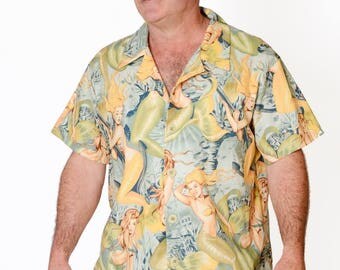 Feak Shirt for Men Mermaid Print Yellow, Hawaiian Shirt, Hawaiian Shirt Men, Mens Hawaiian Shirt, Yellow Mermaid Shirt, Summer Surf Shirt
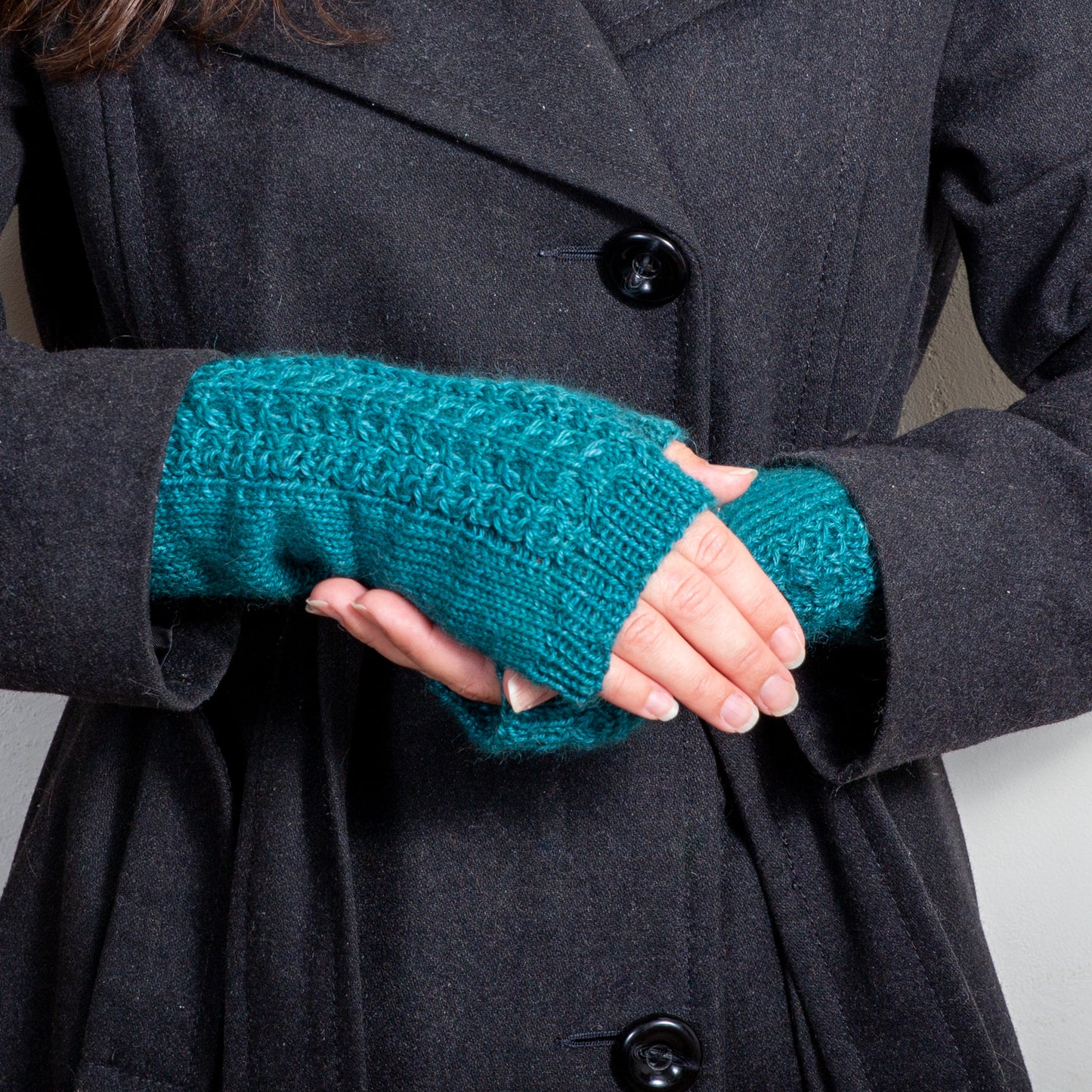 Teal Fingerless Gloves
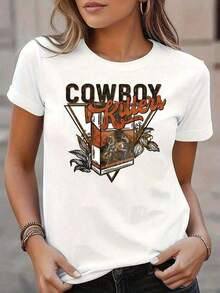 Women's T-Shirts (1 Piece): Women's White Short-Sleeved T-Shirt With A "Cowboy Queen" Graphic Print In A Western Style, Perfect For Casual Wear And Country-Style Outfits. 180g 100% Cotton. Women's Outfits. - 白色 - 查看 7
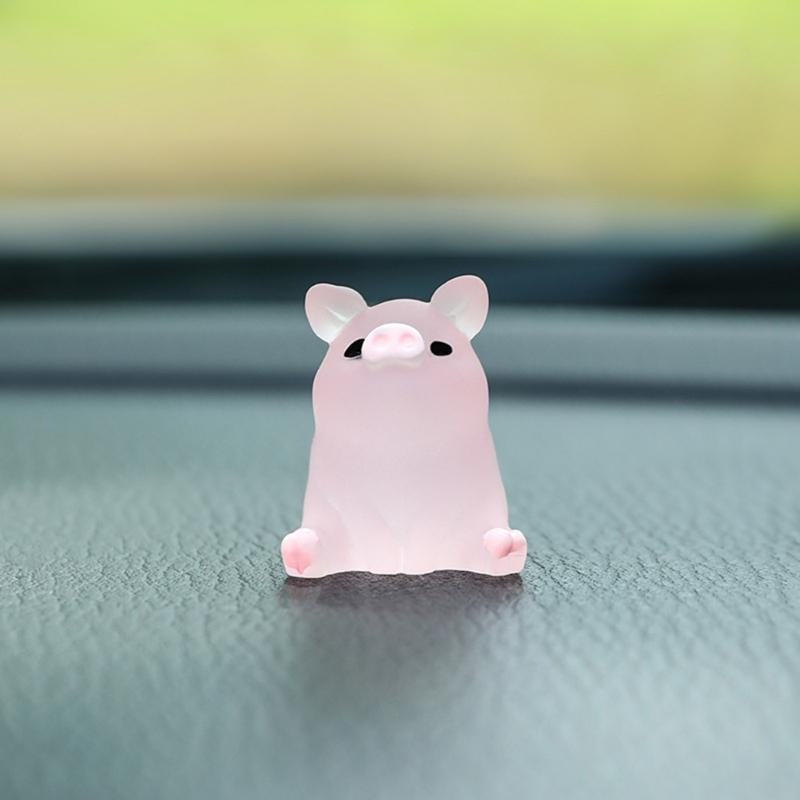 6Pcs DIY Garden Decors Cute Luminous Piggy Miniature Figurines Pig Cake Toppers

+--

→ Task item:
Your task is an exact transcription of all the data, minus the pictures.

→ Exercise result:
 Feak Shirt for Men Mermaid Print Yellow, Hawaiian Shirt, Hawaiian Shirt Men, Mens Hawaiian Shirt, Yellow Mermaid Shirt, Summer Surf Shirt
 Teal Fingerless Gloves
 Women's T-Shirts (1 Piece): Women's White Short-Sleeved T-Shirt With A "Cowboy Queen" Graphic Print In A Western Style, Perfect For Casual Wear And Country-Style Outfits. 180g 100% Cotton. Women's Outfits. - 白色 - 查看 7
 6Pcs DIY Garden Decors Cute Luminous Piggy Miniature Figurines Pig Cake Toppers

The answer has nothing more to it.